Grace couldn’t see the Cobbs, but no one laughed. Charlie rummaged in his pants pocket and a bottle slipped out, clanging against the bleachers and then falling through the gap until it broke on the asphalt below.

 

“Whoops,” Charlie said, looking down through his legs. “Careful, kids.”

 

Grace looked out to Alls at first base. He was focused on the batter, his jaw tensed, and she couldn’t tell if he’d seen. The broken vodka bottle hadn’t been much bigger than a flask. That Alls’s father was a vodka drunk was worse in Garland, where men drank beer or whiskey, and they drank it at home, jiggling squat glasses of ice on their porches, not at their kids’ baseball games. Alls’s father was usually working on Friday evenings. He shouldn’t have been there anyway.

 

Charlie left silently after the next inning, and Grace and Riley cleaned up the broken glass before Alls came out of the dugout. Grace felt newly grateful for her own parents’ disinterest.

 

When Riley, Greg, and Alls wrecked Tracy Kimbrough’s car a week later, Grace was sure the episode at the baseball game was connected to the Kimbroughs’ treatment of Alls. Mrs. Kimbrough, whose every surface was always affluently packaged, was in no hurry to have her car fixed. She ran the crumpled car all over town for weeks, telling anyone who asked that Alls Hughes had stolen her car and driven it around at night smoking marijuana. She omitted Riley’s involvement as readily as she did her own son’s, and this seemed to be her preferred form of compensation. Shortly thereafter, Alls was kicked off the baseball team for failing a surprise drug test administered to no one else.

 

“You have to tell them,” Grace begged Riley. “This is all happening because of Greg’s crazy mom. She can’t tell when he lies to her because he always lies to her. She’s ruining Alls’s life.”

 

“His life? This isn’t that big a deal. Everybody’ll forget about it in a couple weeks, and next time it’ll be Greg’s turn. You take turns getting the shit—you have to.”

 

It’s not like that for us, she wanted to tell Riley. People would forget about Riley’s mistakes and Greg’s mistakes because of their nice families in the background, but Grace and Alls didn’t have backup. She didn’t know how to explain this to Riley.

 

He put his arm over her shoulder. “Don’t worry so much.”

 

The cost of this mistake had ballooned, and Grace knew Alls couldn’t afford it. She understood then how tenuous her own position was.
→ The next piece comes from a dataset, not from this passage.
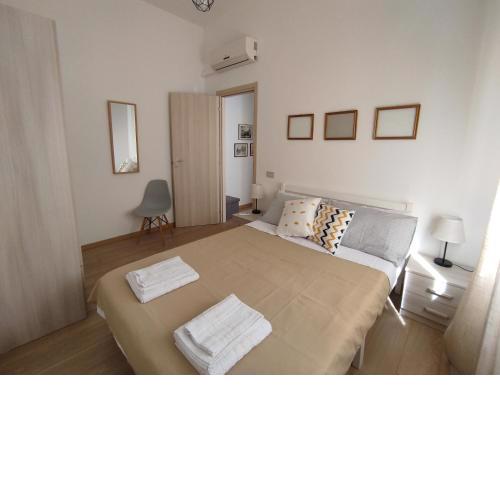 GypsyNomad Apartment - 2 bedroom in the Historical Centre of Palermo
If some grown-up decided that Grace didn’t belong with Riley, her life could be gossiped right down the toilet.

 

Years later, when Greg ratted out his friends for a plea bargain, Grace was probably least surprised of anyone. She knew the rules.

 

? ? ?

 

 

While Riley practiced his chiaroscuro, his depth of field, his achievement of photorealism, Grace practiced the craft of love: cupcakes, mix CDs, impassioned encouragement, her fingers against the inside of his biceps, doubled joy at his victories and indignation at any slight. She loved the roaring crackle of his laugh and how it seemed to raise the temperature in the room. She loved that he was kind to his mother and kissed her on the cheek when he came and left, that he and his father talked at length, like old friends. She loved that his father gave him money to take Grace out to dinner. She loved the red-gold hairs on his arms and that he drove a stick shift. The way his body jerked right as he fell asleep and how he always woke up looking cross and petulant. She loved how people waved to him from down the block and called his name. And the sound of his name in her mouth, and his signature, how the R seemed to be kicking the rest of it off the page. She loved when he drew her. She loved when he left his friends to be with her. Even at fourteen she knew that she had him locked down and she loved that too. She had won—everything.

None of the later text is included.